According to the National Bureau of Statistics of China, China's total retail sales of social commodities will experience a year-on-year growth rate of 6.5-7.5% in 2023 as the economy continues to recover. Additionally, the growth rate of online retail sales of physical goods is projected to increase by 11.8%, and the proportion of online retail sales, in relation to overall retail sales, is expected to reach 28.4%.
The data presented in this diagram was derived from the National Bureau of Statistics of China and analysed by the Macro Economy Research team of China Merchants Securities.
As logistics operations return to normal and demand for online shopping increases, online retail growth is expected to continue. As a result, retailers in China are likely to accelerate their expansion.
In this context, companies will need to consider two key factors: stimulating growth and controlling costs. To achieve growth, businesses must focus on various elements, such as products, channels, marketing, and opening new stores. However, rapid expansion can present significant financial challenges, including complex and time-consuming reconciliation due to multiple locations for new stores, and urgent tax filing deadlines for all branches. To effectively manage these challenges and allow companies to focus on their core businesses, external professional teams can be engaged to provide additional support and expertise.
Our services are designed to support companies during their expansion by providing the following:
- Assisting with the initial setup of entities in each location, ensuring alignment with local resources and facilitating the establishment of branches or stores.
- Providing National Accounts Management, which centralises all accounting and tax compliance services in one location with a single point of contact.
- Offering onsite support services to help companies address short-term or long-term labour shortages.
- Travel and Expense ("T&E") review processing and AP processing: Collect Fapiao/Contracts/T&E documents from all client locations and review them in accordance with the company's policies and compliance requirements.
- Centralised tax filing processing: Collect information on input VAT and output VAT to streamline tax filing procedures.
As the retail market is highly competitive, companies must also prioritise cost control measures to remain profitable. Business Process Outsourcing (BPO)
is a popular trend among companies seeking to reduce costs in their accounting and finance teams. By outsourcing repetitive and time-consuming tasks, companies can restructure their internal teams to focus on higher value tasks or increase staff skill sets.
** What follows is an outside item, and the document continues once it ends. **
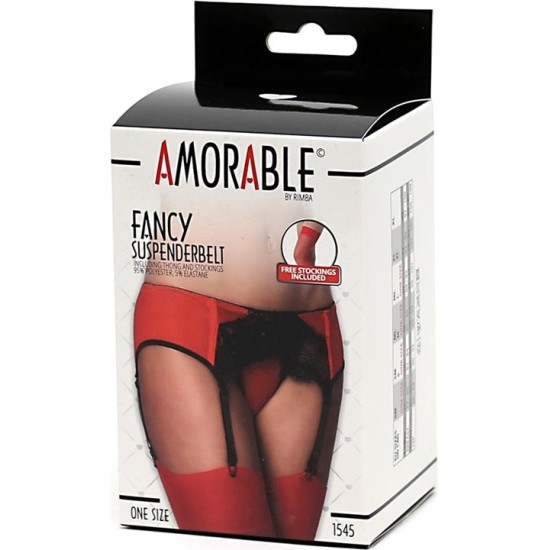 Amorable Garter Belt with Thong and Stockings Black and Red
Additionally, they can optimise headcounts to achieve greater cost efficiencies.
Advantages of BPO:
- Streamlined communication with a dedicated project manager overseeing procedures and timelines.
- Higher efficiency with quick response times and strict adherence to service level agreements (SLAs)
- Higher quality output ensured through key performance indicators (KPIs).
- Significant cost reduction of approximately 20%, eliminating the need for recruiting and training new staff.
- Ability to focus on core business areas while outsourcing repetitive and massive tasks.
Accounting & Taxation
• The Ministry of Finance (“MOF”)'s Accounting Department updated three ‘questions and answers’ on the implementation of accounting standards for enterprises on January 3, 2023. The update covers rules for inventories and long-term equity investment. In the Q&A regarding inventories, an explanation was provided on how to conduct accounting treatment for second-hand cars purchased by a car dealer for resale.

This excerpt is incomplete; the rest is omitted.